Captioned web images:

%%

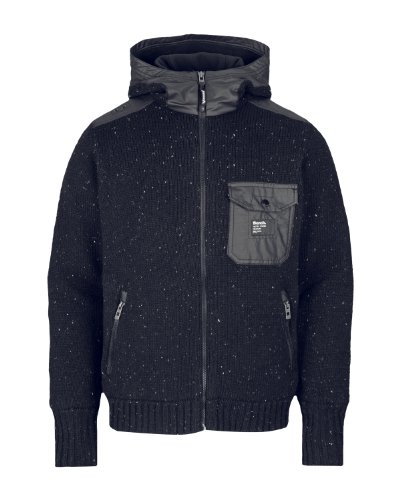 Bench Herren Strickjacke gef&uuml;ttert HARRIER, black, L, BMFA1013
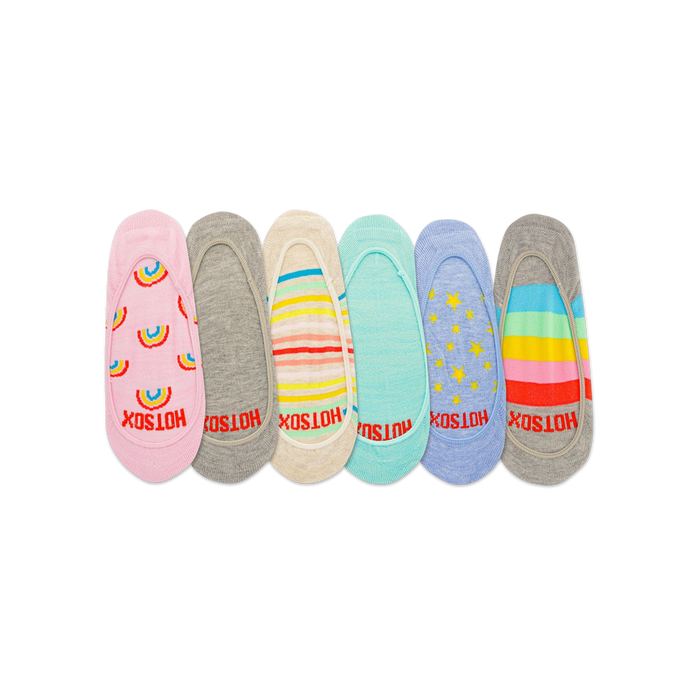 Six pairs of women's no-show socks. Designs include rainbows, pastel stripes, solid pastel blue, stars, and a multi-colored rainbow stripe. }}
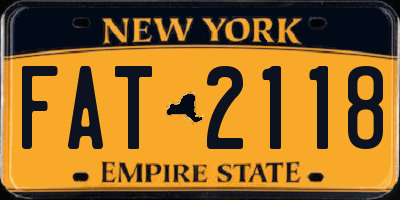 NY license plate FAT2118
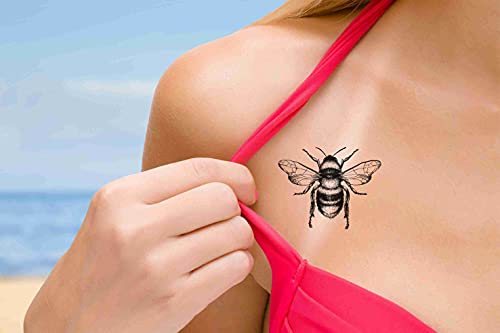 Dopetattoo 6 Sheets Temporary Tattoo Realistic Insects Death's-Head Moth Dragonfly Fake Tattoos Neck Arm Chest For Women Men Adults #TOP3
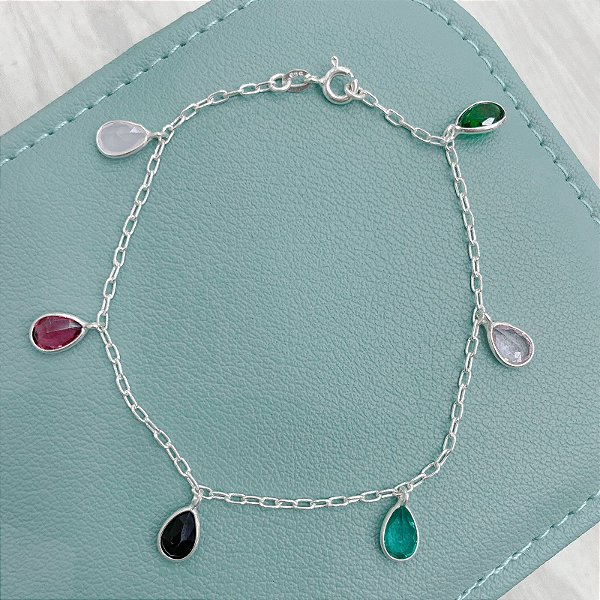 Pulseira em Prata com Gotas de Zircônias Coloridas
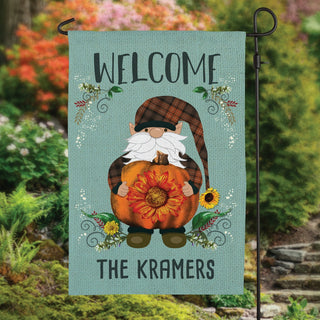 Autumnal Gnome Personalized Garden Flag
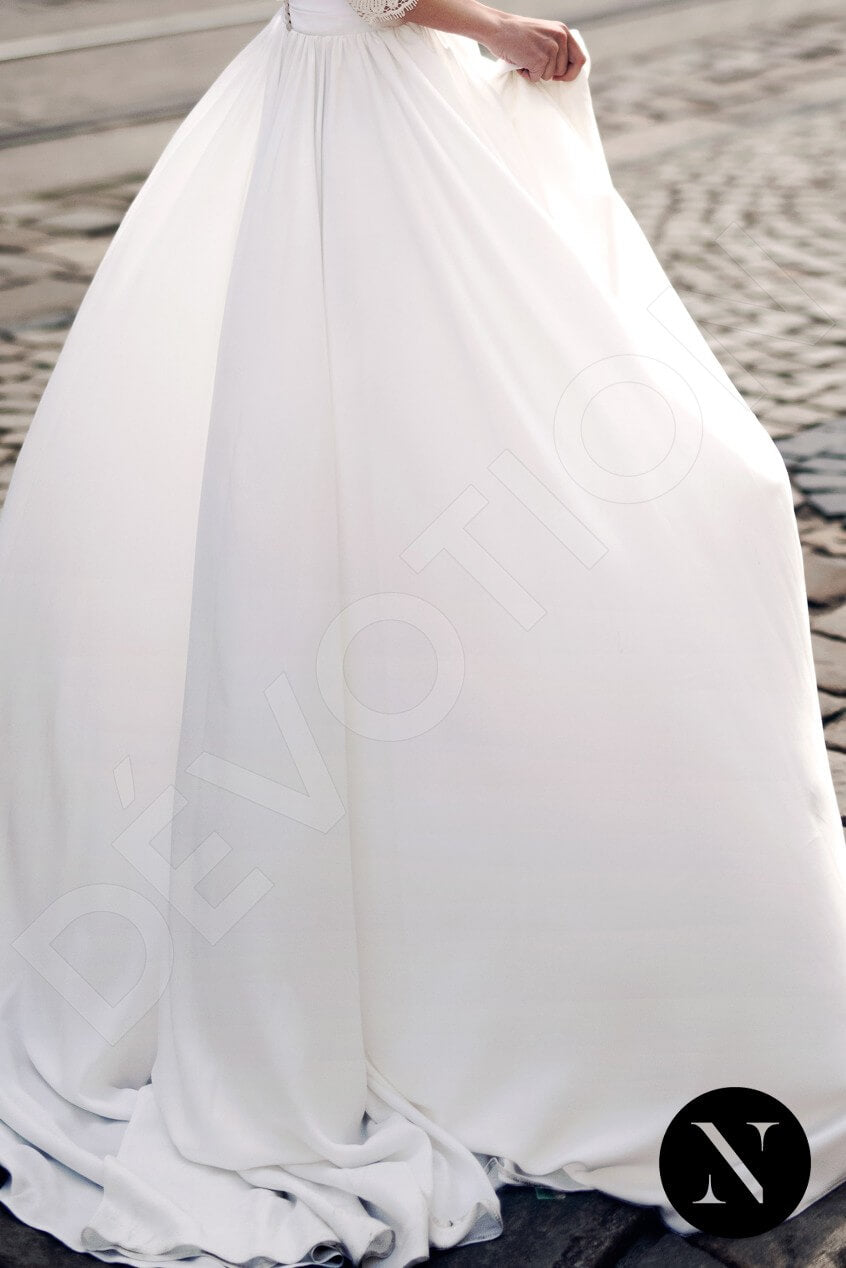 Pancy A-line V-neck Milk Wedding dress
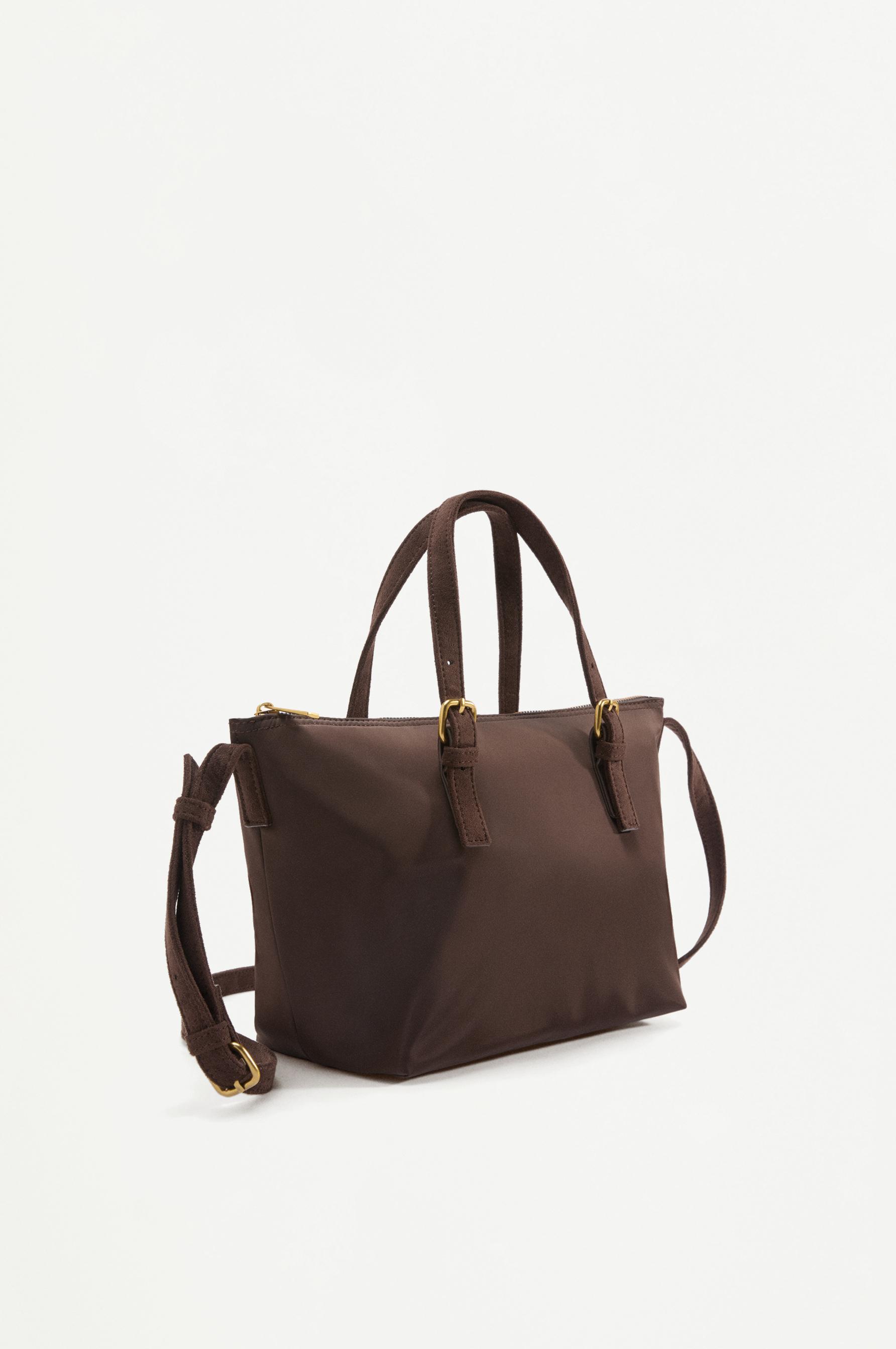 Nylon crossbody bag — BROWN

%%
%%

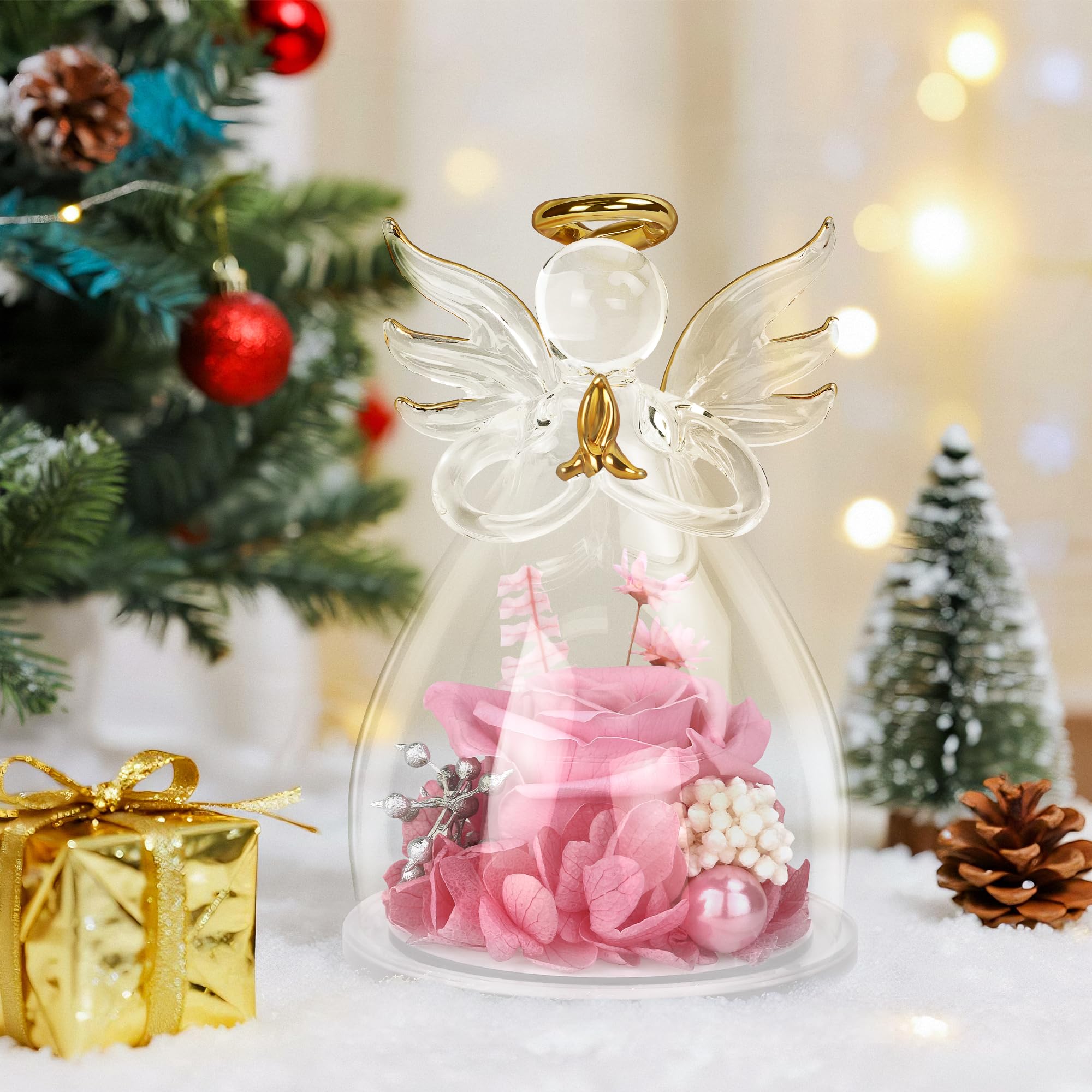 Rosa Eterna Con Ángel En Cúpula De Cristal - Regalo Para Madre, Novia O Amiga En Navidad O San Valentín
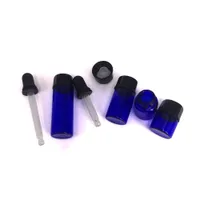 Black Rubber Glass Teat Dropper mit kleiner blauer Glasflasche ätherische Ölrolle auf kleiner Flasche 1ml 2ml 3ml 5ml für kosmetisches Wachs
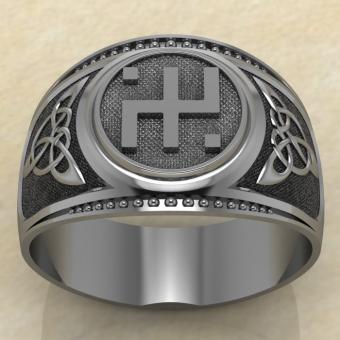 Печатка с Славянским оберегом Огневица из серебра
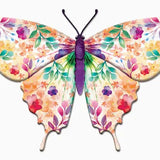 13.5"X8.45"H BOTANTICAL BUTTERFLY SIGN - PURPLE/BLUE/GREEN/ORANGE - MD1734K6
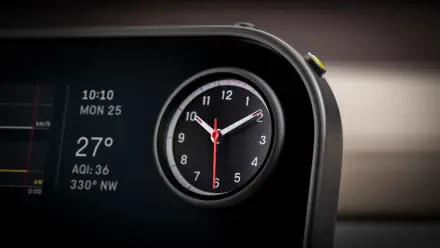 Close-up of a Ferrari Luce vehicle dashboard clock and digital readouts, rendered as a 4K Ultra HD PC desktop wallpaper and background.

%%

**Exercise instructions**
Above are some entries. Restate word for word the lines from the one holding "Bench Herren Strickjacke" through the one holding "Nylon crossbody bag — BROWN", but not the pictures.

**Solution for this task**
 Bench Herren Strickjacke gef&uuml;ttert HARRIER, black, L, BMFA1013
 Six pairs of women's no-show socks. Designs include rainbows, pastel stripes, solid pastel blue, stars, and a multi-colored rainbow stripe. }}
 NY license plate FAT2118
 Dopetattoo 6 Sheets Temporary Tattoo Realistic Insects Death's-Head Moth Dragonfly Fake Tattoos Neck Arm Chest For Women Men Adults #TOP3
 Pulseira em Prata com Gotas de Zircônias Coloridas
 Autumnal Gnome Personalized Garden Flag
 Pancy A-line V-neck Milk Wedding dress
 Nylon crossbody bag — BROWN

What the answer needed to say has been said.